仰向けで大の字に転がったまま。胸に穿たれた無数の傷穴が、生々しい。
瞳を閉じた少女の顏は、人形のように美しかった。
聴力、そして視力に優れた天音だから、わかる。
オメガフェニックスの心臓は、もう動いてはいなかった。
「ッッ・・・うわああああッッ―――ッッ!!!」
抵抗をやめたはずの天音に、力が蘇る。
怒り、そして哀しみが衝き動かす。先のことを考えた行動ではなかった。ただ紅蓮の炎天使を、甲斐凛香を殺された激情が、天音の肉体を勝手に動かしている。
「ぐッ!? ・・・このッ・・・抵抗するなと言って・・・!!」
焦る呪露の言葉が、豪風に掻き消される。
風の正体は、旋回する天音。フィギュアスケートの選手のごとく、その場で跳躍した美乙女が独楽のように回る。遠心力で、体内深くまで侵入していた泥が引き剥がされていく。
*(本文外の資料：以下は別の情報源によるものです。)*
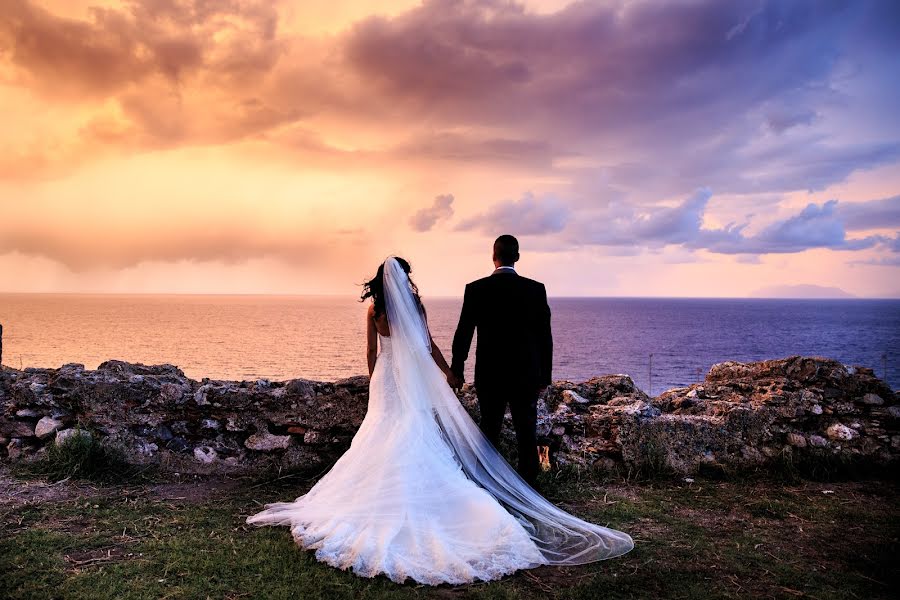 Fotografo di matrimoni Antonio La Malfa (antoniolamalfa). Foto del 28 settembre 2015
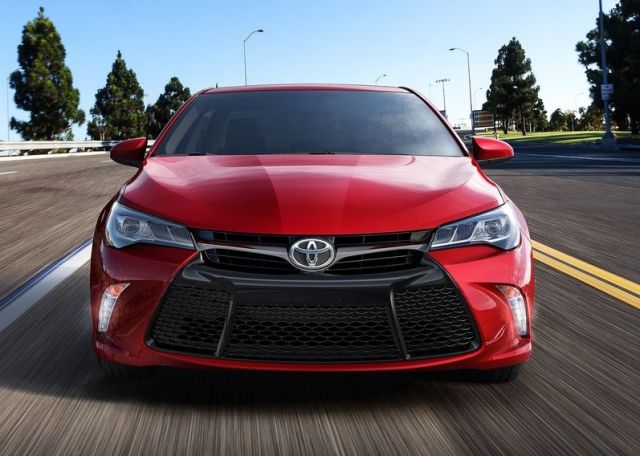 2015 Toyota Camry yan profil görünümü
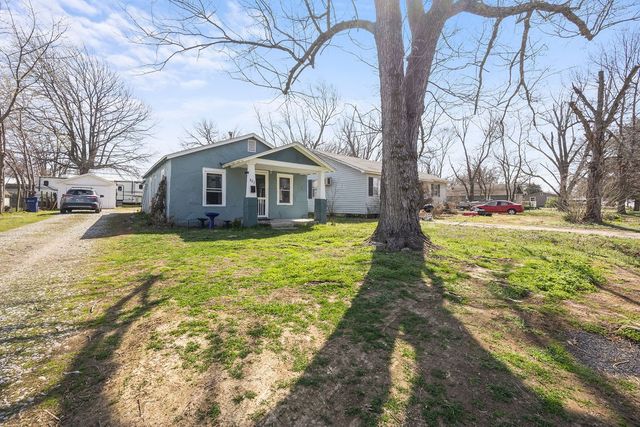 827 Elm Street, Siloam Springs, AR 72761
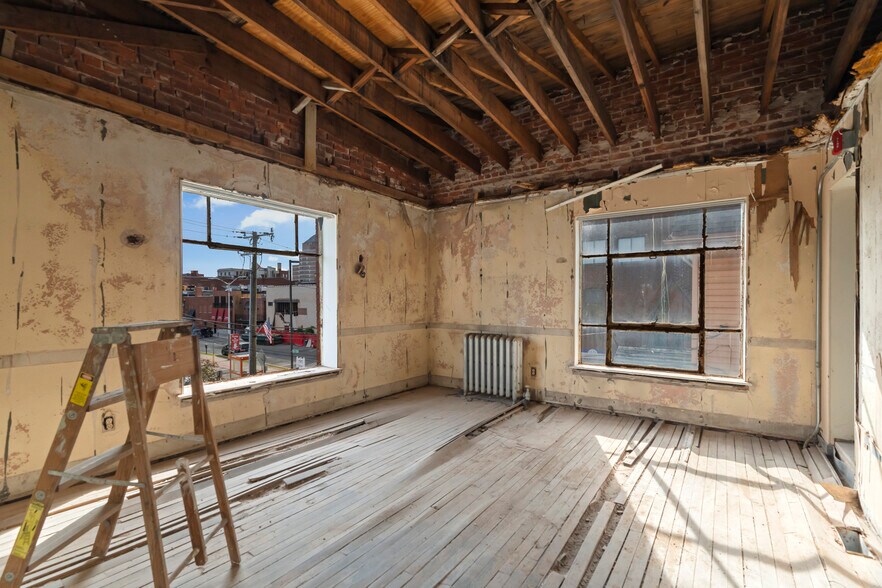 More Photos Of 54 Washington St, Middletown Office For Sale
「グヒッ!? ・・・バ・・・バカなぁ~・・・ッ!?」
「そうだ。それでいい、オメガヴィーナス」
パパパパパンンンンッッ!!!
天音の拳の連打が、剥がれた泥の塊を撃つ。
眼に止まらぬ速さの連撃に、灰色のヘドロは一瞬で粉塵となった。ハラハラと空気中に消えていく、〝流塵”の呪露。変身前の姿でなお、これだけのパワーとスピードが光属性の破妖師にはあった。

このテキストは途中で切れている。